Это — не мелкий, расчетливый мошенник, а игрок. Из тех, которые — повторим панаевский отзыв — «никогда не останавливаются, которые любят карты для карт, через руки которых проходят миллионы и которые все-таки кончают тем, что делаются нищими».
«Есть упоение в бою, и бездны мрачной на краю, и в разъяренном океане, средь грозных волн и бурной тьмы», — в дерзостном гимне пушкинского Вальсингама картам, разумеется, взяться неоткуда, но его автору, русскому поэту, они, без сомнения, давали замену не испытанного им упоения боя или разъяренной океанской стихии. Теперь это трудновато представить, но замену достойную: «Самая сильная из страстей».
Сильнее любви? Даже для души Пушкина?
«Суррогат былой красоты приключений», — скажет, как помним в 1917 году, в начале нашего века и на рубеже могучего переворота, театральный рецензент Долгов.

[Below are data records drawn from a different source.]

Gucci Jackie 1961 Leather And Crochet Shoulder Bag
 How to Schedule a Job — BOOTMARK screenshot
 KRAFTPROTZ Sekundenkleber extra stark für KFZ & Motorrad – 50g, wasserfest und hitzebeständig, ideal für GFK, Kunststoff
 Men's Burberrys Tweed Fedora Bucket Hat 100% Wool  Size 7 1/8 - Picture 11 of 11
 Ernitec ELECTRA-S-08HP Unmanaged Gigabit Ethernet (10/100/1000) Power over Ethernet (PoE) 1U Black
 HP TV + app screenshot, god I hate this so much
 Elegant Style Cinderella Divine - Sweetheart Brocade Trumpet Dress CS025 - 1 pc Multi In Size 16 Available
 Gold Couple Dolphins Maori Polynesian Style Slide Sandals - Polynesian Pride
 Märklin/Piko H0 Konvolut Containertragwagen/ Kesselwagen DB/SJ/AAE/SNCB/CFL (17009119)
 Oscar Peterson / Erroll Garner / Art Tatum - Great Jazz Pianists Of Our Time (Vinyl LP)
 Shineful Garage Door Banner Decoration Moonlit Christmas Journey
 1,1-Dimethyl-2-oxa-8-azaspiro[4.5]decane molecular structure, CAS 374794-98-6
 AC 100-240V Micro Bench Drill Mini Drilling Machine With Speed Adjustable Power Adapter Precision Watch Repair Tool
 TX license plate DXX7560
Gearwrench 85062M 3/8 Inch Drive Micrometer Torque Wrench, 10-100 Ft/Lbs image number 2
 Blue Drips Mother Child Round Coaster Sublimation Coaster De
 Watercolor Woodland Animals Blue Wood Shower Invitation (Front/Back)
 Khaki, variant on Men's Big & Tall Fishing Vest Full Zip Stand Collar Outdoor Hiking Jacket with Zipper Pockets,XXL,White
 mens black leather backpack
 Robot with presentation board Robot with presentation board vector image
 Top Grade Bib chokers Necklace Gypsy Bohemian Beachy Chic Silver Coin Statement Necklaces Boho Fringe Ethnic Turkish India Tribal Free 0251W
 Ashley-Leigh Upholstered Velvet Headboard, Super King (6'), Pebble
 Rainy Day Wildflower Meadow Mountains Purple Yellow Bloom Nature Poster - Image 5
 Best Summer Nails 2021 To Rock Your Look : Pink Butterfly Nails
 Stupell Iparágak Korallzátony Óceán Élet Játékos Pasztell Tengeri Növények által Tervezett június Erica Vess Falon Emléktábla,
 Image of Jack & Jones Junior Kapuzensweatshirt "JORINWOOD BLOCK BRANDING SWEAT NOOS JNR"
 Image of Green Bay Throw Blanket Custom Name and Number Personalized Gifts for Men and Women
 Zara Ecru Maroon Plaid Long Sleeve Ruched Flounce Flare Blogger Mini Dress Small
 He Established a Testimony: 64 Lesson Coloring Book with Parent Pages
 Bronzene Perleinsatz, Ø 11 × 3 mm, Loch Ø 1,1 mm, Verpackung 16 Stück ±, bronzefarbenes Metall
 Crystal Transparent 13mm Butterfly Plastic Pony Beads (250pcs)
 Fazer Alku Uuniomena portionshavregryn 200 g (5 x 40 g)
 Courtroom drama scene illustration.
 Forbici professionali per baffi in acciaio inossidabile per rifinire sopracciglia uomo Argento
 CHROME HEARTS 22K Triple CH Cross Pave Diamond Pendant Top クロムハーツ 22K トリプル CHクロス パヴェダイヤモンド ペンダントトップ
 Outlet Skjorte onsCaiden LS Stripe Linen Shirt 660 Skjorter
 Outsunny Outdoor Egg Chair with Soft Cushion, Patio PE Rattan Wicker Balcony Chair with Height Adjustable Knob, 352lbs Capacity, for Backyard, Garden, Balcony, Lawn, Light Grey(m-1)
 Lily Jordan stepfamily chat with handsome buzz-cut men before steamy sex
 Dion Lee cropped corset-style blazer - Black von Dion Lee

Однако и в 1854-м, когда «Свадьба Кречинского» только-только была закончена, красота приключений уже печально осознавалась былой.
Прошедшей — и невозвратно.
Что наша жизнь?
Но сперва я должен упредить читателя моей книги насчет некоторой ее особенности, возможно, отчасти уже бросившейся в глаза.
Ему, читателю, предстоит встреча не то чтобы с отступлением или отклонением от главной линии книги, а… Впрочем, позволю-ка себе весьма нехитрую метафору.
Он, читатель, — или, выражаясь интимнее, вы, читатель, до сих пор с той или иной скоростью, однако достаточно неуклонно влеклись по течению биографии и судьбы Александра Васильевича Сухово-Кобылина, направляемые авторским стремлением понять его характер, косвенно воплощенный и в созданных его воображением персонажах. Но почти у любого продолжительного течения случаются свои порожистые уступы, свои омуты, — вот и на этот раз (да и потом, позже) вам надобно волей-неволей подчиниться прихоти течения, походить кругами возле одного и того же места, задержаться на недолгое время, прежде чем преодолеть задержку и последовать дальше — за жизнью Сухово-Кобылина и его созданий…
Зачем — задержаться? А затем, зачем порою и задерживаются в дороге: обдумать пройденное или, бывает, проскоченное впопыхах, осмотреться — в данном случае осмотреть время и место происходящего, оценить их отличку от того места и того времени, в которых расположились мы, нынешние. Книга ведь не только о писателе Сухово-Кобылине, она о его эпохе, о судьбе его сословия, о людях его породы, — то есть именно потому она о нем, о таком, каким он был и не мог не быть. Он — и они, тамошние, тогдашние люди. Вот и попробуем пообстоятельнее обжиться в мире их понятий и правил, взявши, чтоб далеко не искать, на пробу именно ту страсть, в глубину которой Александр Васильевич с чего-то вздумал кинуть своего Кречинского; попробуем постичь, насколько она воплощала в себе то время, неповторимое, как все времена.